Pierre-Édouard Stérin est un homme d’affaires, milliardaire, exilé fiscal, proche de l’extrême droite. Si l’homme fait parler de lui récemment, c’est surtout après avoir refusé (et ce pour la seconde fois), la convocation de la commission d’enquête de l’Assemblée nationale sur l’« organisation des élections en France » qui devait se tenir le 20 mai 2025. Il devait ainsi s’expliquer sur son activisme politique après avoir annoncé être prêt à dépenser 150 millions d’euros sur dix ans, à travers son fonds d’investissement Otium Capital et son projet Periclès. L’objectif étant d’influencer le débat public et soutenir des candidats à droite de l’échiquier politique aux élections. Sa volonté semble claire, Pierre-Édouard Stérin veut faire gagner la droite et l’extrême droite, le libéralisme économique et les conservateurs sur les sujets de société. Suite à ce refus, le président de la commission a annoncé qu’il saisirait la justice.

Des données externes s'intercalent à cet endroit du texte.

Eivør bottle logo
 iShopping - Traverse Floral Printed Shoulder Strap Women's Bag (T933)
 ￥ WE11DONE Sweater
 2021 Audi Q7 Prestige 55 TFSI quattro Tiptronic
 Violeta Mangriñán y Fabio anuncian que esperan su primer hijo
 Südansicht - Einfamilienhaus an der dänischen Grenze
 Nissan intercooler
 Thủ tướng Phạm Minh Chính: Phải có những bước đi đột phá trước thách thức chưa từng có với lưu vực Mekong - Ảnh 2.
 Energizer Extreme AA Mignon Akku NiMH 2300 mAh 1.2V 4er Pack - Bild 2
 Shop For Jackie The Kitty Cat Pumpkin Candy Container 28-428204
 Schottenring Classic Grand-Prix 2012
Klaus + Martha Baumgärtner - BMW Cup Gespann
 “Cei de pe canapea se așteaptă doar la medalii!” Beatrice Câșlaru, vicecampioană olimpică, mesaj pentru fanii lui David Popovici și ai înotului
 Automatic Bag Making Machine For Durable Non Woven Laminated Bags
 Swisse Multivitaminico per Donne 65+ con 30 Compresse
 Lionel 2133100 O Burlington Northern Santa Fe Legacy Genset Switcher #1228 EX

Parmi les sept associations présentes lors de la prochaine soirée caritative, on trouve Enfance Adolescence et Diabète. Une association créée en 2007 par le personnel du service de diabétologie pédiatrique de l’Hôpital des Enfants du CHU de Toulouse et plusieurs parents. Désireuse d’accompagner les enfants atteints de diabète de type 1 et leur famille, elle a d’ores et déjà accompagné plus de 500 enfants. Pour Corinne Colmel, directrice et cofondatrice, la participation à l’événement n’a pas de lien avec des idéaux politiques : « Nous avons déposé notre dossier, car nous sommes une association. Nous ne disposons d’aucune aide, que ce soit, de la part de la mairie de Toulouse, du département ou pour le moment de la région, nous avons cependant besoin de financement. »
Selon la directrice, aucun lien avec le fondateur Pierre-Édouard Stérin n’est apparent : « Nous n’avons rencontré que des mécènes locaux, on ne nous a rien demandés, rien d’étonnant ou qui pourrait être contraire à nos valeurs. À mes yeux, cela est davantage de la philanthropie à l’américaine. Si cela était un événement aux valeurs de gauche, nous aurions dans ce cas des subventions de la part de l’État. »
Depuis l’annonce de la participation de l’association à l’événement, Corinne Colmel explique avoir reçu diverses menaces par SMS : « On me dit que participer à cet événement n’est pas éthique, que nous risquons d’être manipulés… Mais cette soirée nous permettra de rencontrer des mécènes locaux et nous en avons besoin pour que notre association puisse continuer d’exister. Je suis très en colère, car c’est culpabilisant, mais nous voulons seulement mettre en lumière nos actions », conclut-elle.
Récemment, une autre association, au départ lauréat de l’événement a décidé, elle, de se retirer. Sans dévoiler les raisons exactes, la présidente des Camions douche, explique « ne pas partager les mêmes valeurs que les organisateurs de l’événement ».
Selon Thomas Tixier, chargé de communication de l’événement, les associations doivent assurer une communication de l’événement, mais aussi une sécurisation de dons. « Il faut que ces associations nous prouvent que des personnes prêtes à leur faire des dons viendront à la soirée ».